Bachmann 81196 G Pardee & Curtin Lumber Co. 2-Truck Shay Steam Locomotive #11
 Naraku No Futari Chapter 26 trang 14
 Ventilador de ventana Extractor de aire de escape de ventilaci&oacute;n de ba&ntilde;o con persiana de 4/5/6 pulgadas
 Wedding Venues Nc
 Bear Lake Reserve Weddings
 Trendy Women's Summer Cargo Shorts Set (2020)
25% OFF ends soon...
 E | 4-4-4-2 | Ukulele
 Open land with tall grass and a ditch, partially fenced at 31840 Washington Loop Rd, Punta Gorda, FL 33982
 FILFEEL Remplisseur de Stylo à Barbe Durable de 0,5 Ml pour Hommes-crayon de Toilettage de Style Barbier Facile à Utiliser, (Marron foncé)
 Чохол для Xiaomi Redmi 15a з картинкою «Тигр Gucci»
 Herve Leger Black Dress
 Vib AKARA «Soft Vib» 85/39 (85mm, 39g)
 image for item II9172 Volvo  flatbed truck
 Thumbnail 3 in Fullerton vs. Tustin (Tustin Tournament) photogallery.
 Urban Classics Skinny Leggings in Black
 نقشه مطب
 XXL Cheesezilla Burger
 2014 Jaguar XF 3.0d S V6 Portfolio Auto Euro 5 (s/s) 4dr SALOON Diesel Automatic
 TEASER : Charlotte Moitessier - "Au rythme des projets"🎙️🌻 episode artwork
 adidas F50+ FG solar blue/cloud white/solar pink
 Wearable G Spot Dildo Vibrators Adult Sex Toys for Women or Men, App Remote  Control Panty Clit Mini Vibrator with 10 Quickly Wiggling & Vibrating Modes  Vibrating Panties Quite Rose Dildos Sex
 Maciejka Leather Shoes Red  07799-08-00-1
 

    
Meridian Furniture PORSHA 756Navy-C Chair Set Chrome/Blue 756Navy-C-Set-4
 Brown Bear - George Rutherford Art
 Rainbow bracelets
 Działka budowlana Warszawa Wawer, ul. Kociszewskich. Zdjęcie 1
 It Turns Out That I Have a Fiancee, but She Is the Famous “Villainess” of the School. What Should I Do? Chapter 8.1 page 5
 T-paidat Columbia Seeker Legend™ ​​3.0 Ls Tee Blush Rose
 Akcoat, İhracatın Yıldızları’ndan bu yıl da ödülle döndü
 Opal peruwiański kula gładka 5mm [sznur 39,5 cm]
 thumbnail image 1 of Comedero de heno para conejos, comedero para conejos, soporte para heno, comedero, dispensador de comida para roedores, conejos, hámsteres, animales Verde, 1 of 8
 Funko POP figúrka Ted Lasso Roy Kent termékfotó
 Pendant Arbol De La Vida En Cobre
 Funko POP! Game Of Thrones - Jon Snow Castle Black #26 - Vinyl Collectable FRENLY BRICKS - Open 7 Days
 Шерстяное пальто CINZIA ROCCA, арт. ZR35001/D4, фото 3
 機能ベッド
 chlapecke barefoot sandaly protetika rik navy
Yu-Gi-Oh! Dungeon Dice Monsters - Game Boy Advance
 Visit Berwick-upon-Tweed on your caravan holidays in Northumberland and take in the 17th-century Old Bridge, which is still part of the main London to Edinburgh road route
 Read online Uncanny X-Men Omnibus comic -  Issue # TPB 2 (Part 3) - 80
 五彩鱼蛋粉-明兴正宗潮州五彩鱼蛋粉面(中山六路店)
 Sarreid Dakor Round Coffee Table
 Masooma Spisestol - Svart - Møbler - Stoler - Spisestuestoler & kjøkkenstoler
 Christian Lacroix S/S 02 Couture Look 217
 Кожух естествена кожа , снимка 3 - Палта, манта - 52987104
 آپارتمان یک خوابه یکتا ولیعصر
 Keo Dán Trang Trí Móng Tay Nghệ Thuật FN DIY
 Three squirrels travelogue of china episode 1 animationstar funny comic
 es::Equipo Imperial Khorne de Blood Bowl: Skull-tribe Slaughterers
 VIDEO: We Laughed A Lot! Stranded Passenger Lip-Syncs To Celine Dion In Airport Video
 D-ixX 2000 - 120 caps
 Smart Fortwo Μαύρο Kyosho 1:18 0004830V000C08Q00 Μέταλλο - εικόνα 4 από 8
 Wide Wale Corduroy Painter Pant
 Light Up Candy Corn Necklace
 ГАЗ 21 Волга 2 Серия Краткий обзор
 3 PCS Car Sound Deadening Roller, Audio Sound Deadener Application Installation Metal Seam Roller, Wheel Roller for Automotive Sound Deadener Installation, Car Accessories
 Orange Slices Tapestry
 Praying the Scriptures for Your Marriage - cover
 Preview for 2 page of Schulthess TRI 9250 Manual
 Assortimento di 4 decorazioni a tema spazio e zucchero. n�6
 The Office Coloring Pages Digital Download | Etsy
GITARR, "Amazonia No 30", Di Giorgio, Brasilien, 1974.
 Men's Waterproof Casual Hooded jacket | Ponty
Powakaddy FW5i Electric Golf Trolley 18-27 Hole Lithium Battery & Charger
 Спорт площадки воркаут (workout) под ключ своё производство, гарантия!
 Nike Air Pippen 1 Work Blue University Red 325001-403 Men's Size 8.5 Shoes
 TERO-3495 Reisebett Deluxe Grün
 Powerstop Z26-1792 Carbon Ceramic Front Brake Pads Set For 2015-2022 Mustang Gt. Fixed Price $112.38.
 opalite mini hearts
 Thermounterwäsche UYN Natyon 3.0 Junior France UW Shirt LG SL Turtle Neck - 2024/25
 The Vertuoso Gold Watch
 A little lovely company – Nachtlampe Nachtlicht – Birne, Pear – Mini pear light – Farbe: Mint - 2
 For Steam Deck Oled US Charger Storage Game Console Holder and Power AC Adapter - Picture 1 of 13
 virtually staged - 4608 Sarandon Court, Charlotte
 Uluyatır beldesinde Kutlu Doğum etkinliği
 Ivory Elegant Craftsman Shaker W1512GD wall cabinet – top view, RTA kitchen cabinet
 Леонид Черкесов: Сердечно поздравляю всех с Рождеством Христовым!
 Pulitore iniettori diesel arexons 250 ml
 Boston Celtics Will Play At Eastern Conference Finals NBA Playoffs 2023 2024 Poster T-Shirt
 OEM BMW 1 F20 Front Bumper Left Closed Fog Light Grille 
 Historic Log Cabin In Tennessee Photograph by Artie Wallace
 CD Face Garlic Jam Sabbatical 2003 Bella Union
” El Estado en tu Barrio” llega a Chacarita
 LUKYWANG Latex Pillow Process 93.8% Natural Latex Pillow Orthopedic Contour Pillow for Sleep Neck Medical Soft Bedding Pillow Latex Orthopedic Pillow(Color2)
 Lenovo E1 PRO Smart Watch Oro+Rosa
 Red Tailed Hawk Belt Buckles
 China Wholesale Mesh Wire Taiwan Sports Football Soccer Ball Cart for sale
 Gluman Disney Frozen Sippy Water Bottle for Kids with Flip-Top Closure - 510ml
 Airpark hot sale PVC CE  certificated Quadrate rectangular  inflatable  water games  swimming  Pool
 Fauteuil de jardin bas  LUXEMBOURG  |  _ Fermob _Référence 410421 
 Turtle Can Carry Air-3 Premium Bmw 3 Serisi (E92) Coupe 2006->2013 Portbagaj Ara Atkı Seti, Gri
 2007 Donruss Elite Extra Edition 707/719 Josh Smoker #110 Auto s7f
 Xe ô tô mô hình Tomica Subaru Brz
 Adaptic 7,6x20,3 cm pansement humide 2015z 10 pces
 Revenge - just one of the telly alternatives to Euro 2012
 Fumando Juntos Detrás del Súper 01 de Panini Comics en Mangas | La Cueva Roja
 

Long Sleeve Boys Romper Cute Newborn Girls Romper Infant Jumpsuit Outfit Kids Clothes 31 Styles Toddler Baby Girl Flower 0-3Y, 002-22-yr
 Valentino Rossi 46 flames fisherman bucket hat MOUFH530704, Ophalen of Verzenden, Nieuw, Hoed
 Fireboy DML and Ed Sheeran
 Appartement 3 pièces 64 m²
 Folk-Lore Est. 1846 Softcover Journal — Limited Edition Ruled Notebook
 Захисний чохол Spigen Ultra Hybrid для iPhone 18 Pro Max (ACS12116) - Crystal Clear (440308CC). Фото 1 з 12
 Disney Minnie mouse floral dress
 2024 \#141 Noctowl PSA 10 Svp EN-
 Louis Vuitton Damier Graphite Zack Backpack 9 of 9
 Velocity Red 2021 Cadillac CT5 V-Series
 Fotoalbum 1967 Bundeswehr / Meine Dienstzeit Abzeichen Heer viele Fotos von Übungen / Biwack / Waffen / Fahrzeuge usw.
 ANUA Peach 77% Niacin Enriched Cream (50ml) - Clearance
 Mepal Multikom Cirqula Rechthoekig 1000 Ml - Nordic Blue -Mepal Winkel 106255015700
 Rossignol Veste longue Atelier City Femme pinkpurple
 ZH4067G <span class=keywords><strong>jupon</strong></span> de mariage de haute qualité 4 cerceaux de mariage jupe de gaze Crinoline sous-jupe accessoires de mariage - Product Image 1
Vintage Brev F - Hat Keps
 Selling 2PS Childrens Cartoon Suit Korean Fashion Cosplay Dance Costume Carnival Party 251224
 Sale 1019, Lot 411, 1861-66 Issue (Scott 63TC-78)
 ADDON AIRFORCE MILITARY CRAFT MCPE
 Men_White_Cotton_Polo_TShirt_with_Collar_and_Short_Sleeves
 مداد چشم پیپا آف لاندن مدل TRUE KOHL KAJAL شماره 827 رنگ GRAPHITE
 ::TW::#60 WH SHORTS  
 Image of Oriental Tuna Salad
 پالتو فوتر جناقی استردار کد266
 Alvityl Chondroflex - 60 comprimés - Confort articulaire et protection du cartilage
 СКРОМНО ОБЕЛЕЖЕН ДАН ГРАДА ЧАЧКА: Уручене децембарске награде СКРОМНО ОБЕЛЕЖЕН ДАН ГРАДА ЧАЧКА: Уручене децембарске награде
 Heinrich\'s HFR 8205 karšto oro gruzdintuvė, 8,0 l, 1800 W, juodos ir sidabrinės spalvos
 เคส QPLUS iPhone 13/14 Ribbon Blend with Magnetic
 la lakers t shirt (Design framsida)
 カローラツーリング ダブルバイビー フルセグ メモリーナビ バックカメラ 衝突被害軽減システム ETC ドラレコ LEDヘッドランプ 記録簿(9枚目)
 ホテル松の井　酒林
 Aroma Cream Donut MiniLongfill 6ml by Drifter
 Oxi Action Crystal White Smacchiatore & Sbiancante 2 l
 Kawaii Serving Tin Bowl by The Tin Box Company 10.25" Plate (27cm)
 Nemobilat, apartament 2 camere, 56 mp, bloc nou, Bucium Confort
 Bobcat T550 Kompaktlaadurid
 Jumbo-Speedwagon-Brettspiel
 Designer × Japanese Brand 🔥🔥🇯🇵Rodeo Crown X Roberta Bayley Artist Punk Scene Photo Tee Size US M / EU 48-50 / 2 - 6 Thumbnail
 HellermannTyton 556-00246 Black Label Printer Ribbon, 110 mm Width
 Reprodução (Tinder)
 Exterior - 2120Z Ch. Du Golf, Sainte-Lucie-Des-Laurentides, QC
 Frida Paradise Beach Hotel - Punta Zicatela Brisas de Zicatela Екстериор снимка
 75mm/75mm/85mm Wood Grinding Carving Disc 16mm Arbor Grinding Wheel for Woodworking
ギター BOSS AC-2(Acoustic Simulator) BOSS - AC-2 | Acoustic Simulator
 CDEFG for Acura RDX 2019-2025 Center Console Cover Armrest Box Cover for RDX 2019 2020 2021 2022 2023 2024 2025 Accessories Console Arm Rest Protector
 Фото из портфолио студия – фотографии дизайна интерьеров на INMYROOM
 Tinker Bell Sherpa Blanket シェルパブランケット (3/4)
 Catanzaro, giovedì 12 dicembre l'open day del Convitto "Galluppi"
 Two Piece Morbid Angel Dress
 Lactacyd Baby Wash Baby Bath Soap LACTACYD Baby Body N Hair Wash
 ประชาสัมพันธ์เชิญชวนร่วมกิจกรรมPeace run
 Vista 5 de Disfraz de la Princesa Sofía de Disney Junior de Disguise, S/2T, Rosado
|---|
**WORK ORDER**: Taking the listing above as the source, transcribe only the lines starting at the line with "Christian Lacroix S/S 02 Couture Look 217" and going through the line with "D-ixX 2000 - 120 caps", unaltered and with both ends included.

**RESPONSE TO THE TASK**:
 Christian Lacroix S/S 02 Couture Look 217
 Кожух естествена кожа , снимка 3 - Палта, манта - 52987104
 آپارتمان یک خوابه یکتا ولیعصر
 Keo Dán Trang Trí Móng Tay Nghệ Thuật FN DIY
 Three squirrels travelogue of china episode 1 animationstar funny comic
 es::Equipo Imperial Khorne de Blood Bowl: Skull-tribe Slaughterers
 VIDEO: We Laughed A Lot! Stranded Passenger Lip-Syncs To Celine Dion In Airport Video
 D-ixX 2000 - 120 caps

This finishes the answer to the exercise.